In short
- A developer found that forcing Claude to talk like a caveman slashes output tokens, and due to this fact prices, by as much as 75%.
- The web instantly turned it right into a GitHub ability.
- With Anthropic charging so excessive per output tokens, grunt-mode is much less of a joke and extra of a price range technique.
Someplace between immediate engineering and efficiency artwork, a developer posted a discovery on Reddit that made the AI neighborhood giggle earlier than paying consideration: train Claude to speak like a prehistoric human and watch your token invoice shrink by as much as 75%.
The publish hit r/ClaudeAI final week and has since racked up over 400 feedback and 10K votes—a uncommon mixture of real technical perception and absurdist comedy that the web tends to reward.

The mechanic is straightforward. As a substitute of letting Claude heat up with pleasantries, narrate each step it takes, and shut with a suggestion to assist additional, the developer constrains the mannequin to brief, stripped-down sentences. Device first, end result first, no clarification. A traditional net search job that might run about 180 output tokens dropped to roughly 45. The unique poster claims as much as 75% discount in output, achieved by making the mannequin sound prefer it simply found hearth.
In caveman phrases, as one Redditor stated: “Why waste time say lot phrase when few phrase do trick?”

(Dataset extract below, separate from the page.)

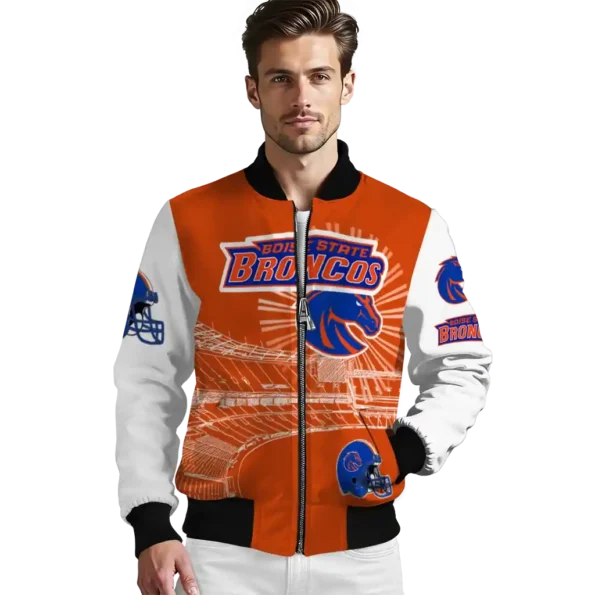 Boise20State20Broncos20NCAAZone Jacket 3 Bomber 12.webp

What this method doesn’t contact is the enter context: the total dialog historical past, connected information, and system directions that the mannequin re-reads on each single flip. That enter usually dwarfs the output, particularly in longer coding classes. Actual-world classes counting all this enter, account for financial savings round 25%, not 75%. Nonetheless significant, simply not the headline quantity.

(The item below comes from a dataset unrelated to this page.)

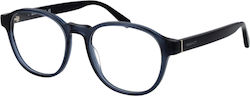 Rame Ochelari Gant Ga50006 090 52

It’s additionally a good suggestion to feed the mannequin with regular directions. Don’t give it the “caveman” discuss because it might spiral down right into a “rubbish in, rubbish out” scenario.
There’s additionally the query of intelligence degradation. A handful of researchers within the thread argued that forcing an AI to inhabit a much less refined persona might actively harm its reasoning high quality—that the verbal constraints may bleed into cognitive ones. The priority has not been definitively settled, however it’s price contemplating when evaluating outcomes.
Ability good, ability go viral
Regardless of the caveats, the method discovered a second life on GitHub virtually instantly.
Developer Shawnchee packaged the foundations right into a standalone caveman-skill appropriate with Claude Code, Cursor, Windsurf, Copilot, and over 40 different brokers. The ability distills the method into 10 guidelines: no filler phrases, execute earlier than explaining, no meta-commentary, no preamble, no postamble, no software bulletins, clarify solely when wanted, let code communicate for itself, and deal with errors as issues to repair reasonably than narrate.
Benchmarks within the repo, verified with tiktoken, present output token reductions of 68% on net search duties, 50% on code edits, and 72% on question-and-answer exchanges—for a mean output discount of 61% throughout 4 commonplace duties.
A parallel repo by developer Julius Brussee took a barely completely different method, framing the identical concept as a SKILL.md file with 562 stars on GitHub. The spec: reply like a wise caveman, lower articles, filler, and pleasantries, preserve all technical substance. Code blocks stay unchanged. Error messages are quoted precisely. Technical phrases keep intact. Caveman solely speaks the English wrapper across the information.

This one even comes with completely different modes to have an effect on how a lot you need to strip, switching between Regular, Lite, and Extremely. The fashions do the very same work however present a a lot shorter reply, which ends up in a giant saving over time.

The broader price context provides the joke a sharper edge. Anthropic is among the many most costly fashions when it comes to worth per token. For builders working agentic workflows with dozens of turns per session, output verbosity will not be a stylistic criticism. It’s a line merchandise. If a caveman grunt can exchange a five-sentence abstract of what the mannequin simply did, these saved tokens add up throughout hundreds of API calls.
The caveman ability is installable in a single command by way of expertise.sh and works globally throughout initiatives. Whether or not or not it makes Claude marginally much less articulate, it has already made plenty of builders considerably much less irritated.
Each day Debrief Publication
Begin on daily basis with the highest information tales proper now, plus authentic options, a podcast, movies and extra.